Showing posts with label relevance. Show all posts
Showing posts with label relevance. Show all posts

Thursday, 27 October 2011

DITA coursework blog - Web 1.0 (the internet and WWW, databases and information retrieval)


Title: Language and access in Digital Information Technologies and Architecture, with a focus on law libraries

1. Introduction

An underlying principle of digital information is that it is data which must be written in a specific language so that it can be stored in sources, communicated by systems and retrieved by users. Once this is achieved, access to data must be managed using appropriate technologies. I will consider this statement in the context of modern law libraries to assess the present and future impact on the provision of digital resources to their users.

2. Evaluating

Digital technologies must take into account the information needs of library users, who in today’s digital age, most commonly seek information from online subscription databases and web resources. Sources of information in law libraries are typically law reports, journal articles or legislation: predominantly accessed as either printed or digital text based information. The latter must be in a specified format in order to be read: it is data attributed a form capable of precise meaning through logical coding and sequencing – in essence a ‘language’. 

Computers are system linguists which communicate data over connected networks (the internet) via a service (the World Wide Web). Computers read and interpret data in binary form: bits are assigned characters and form words as ASCII text; and collected together, they create files which make up documents, such as database records or web pages. Human users are only able to subjectively evaluate text for meaning and relevance in a form they understand. Computers do not understand “human” language, and so evaluate the language within the data: metadata. Hypertext is a language used to inter-link data in one document, or link data between documents. Web pages are written in Hypertext Mark-up Language (HTML) so the data can be read by internet browsers, which interpret metatags (ordered ASCII text relaying strict instructions on layout and structure) as distinct from standard ASCII text. 

The advent of e-books has seen a shift towards digital readership, where books translated into ASCII text can enjoy wider distribution to library users over the internet. This indicates the future of how libraries will provide materials to their users; but issues of cost, reliability and user misgivings on rapid technological advancement still impact on access.

3. Managing

Managing data at core is concerned with providing users with access points. There are two sources of digital information available to library users: internal (databases) and external (the internet). 

Databases organise and order available data in accordance with the user’s information needs, a primary example being an OPAC catalogue of a library’s holdings. Language is the control.
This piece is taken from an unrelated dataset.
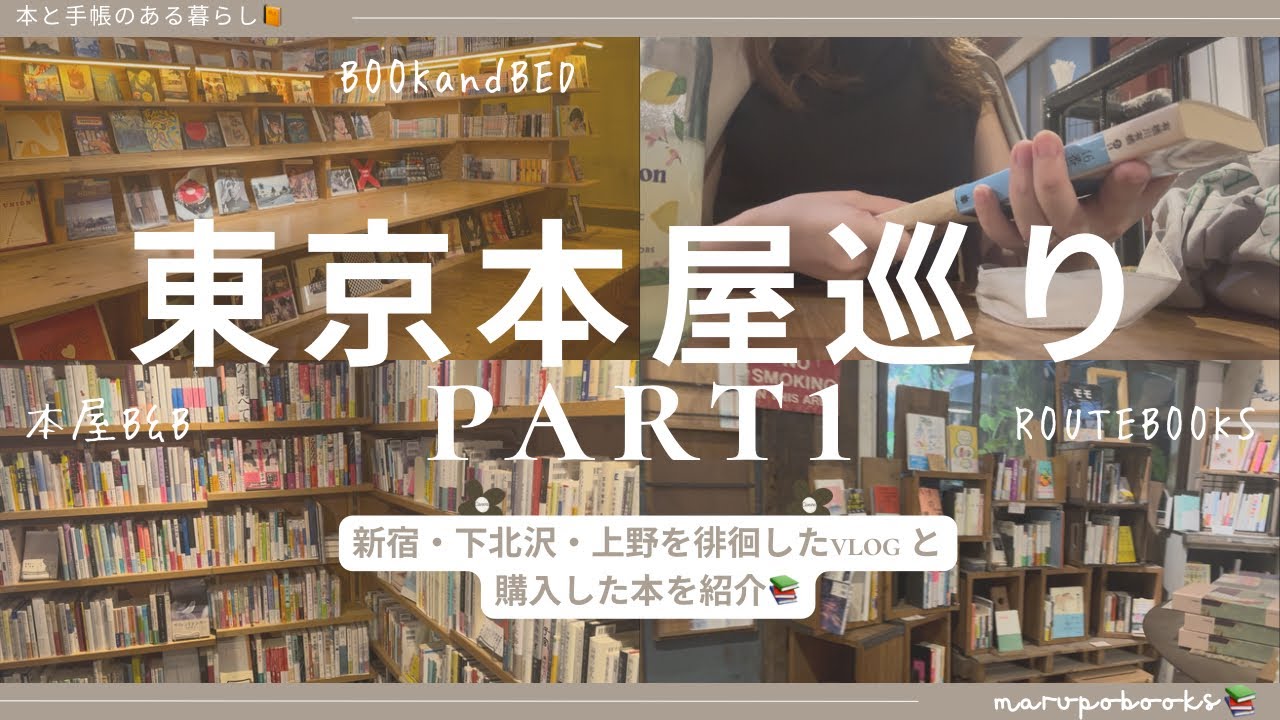 東京本屋巡りvlog📽️と購入した本を紹介📕part1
Structured Query Language (SQL) commands relational databases to perform queries to retrieve selective data from a number of interrelated data tables. 
Databases permit searches by two methods: natural language and controlled vocabularies. If the natural language search terms are not clear, or irrelevant search results are returned, the user may deploy query modification to adjust the language used and yield better results. Controlled vocabularies such as indexing and thesauri may signpost users in context to data that may or may not be relevant. We should expect more relevant database search results than compared to say an internet search engine's results, permitting that the data is there to be retrieved.

Libraries can combine access to both databases and the web concurrently to permit wider scope for information retrieval. Brophy (2007, p.113-4) sees an importance of use behind the access and retrieval process, thus directly linking users to resources. He also implies that use involves the creation of “information objects of various kinds”. A library portal, such as created by the Inner Temple Library[1], is a good example of this – it is an online access point to a number of databases, together with hyperlinks to web resources including a subject index and current awareness blog. Maloney and Bracke (2005, p.87) emphasises that this “is not a single technology. Rather it is a combination of several systems, standards and protocols that inter-operate to create a unified experience for the user”. This means of federated searching[2] is emerging as a possible solution to remove the complexities of cross-searching multiple databases.
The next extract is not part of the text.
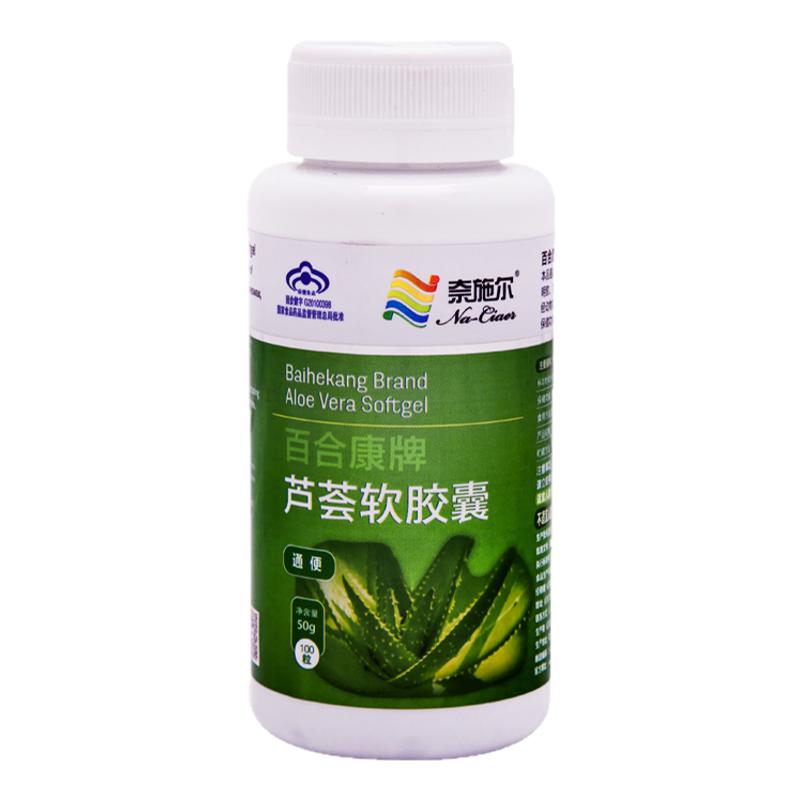 软胶囊中老年排宿便润肠保健品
Information retrieval over the web is a double-edged sword: on one hand there is a wealth of dedicated resources available online; however an inexpert user will only ever retrieve a small percentage of relevant data from this due to the “invisible web”[3]: a detrimental consequence of a global resource that is dynamically evolving, but where authenticity and permanence is compromised as more and more information goes online. Limb (2004, p.60) believes this could be combated by building federated repositories to harvest in a wealth of relevant cyber resources, but the task may appear onerous and unmanageable.

4. Conclusion

The communication chain between users, systems and sources is dependent on the efficient and concise use of language in order to access and retrieve data. A break in the chain, such as incomplete HTML code or a broken hyperlink, can shutdown access to information, leaving the information seeker locked-out. The architects of the computer systems dictate the choice and methods by which data is represented, but as non-subject specialists, they may not understand the information they give access may not fulfil the user’s needs. A compromise perhaps should be reached.[4]

Recent developments such cloud sourcing[5] look set to change how society store and access digital information, in that information users can retrieve documents via the internet without prior knowledge of where the source document is physically rooted. It appears cloud sourcing makes the service, the source.[6]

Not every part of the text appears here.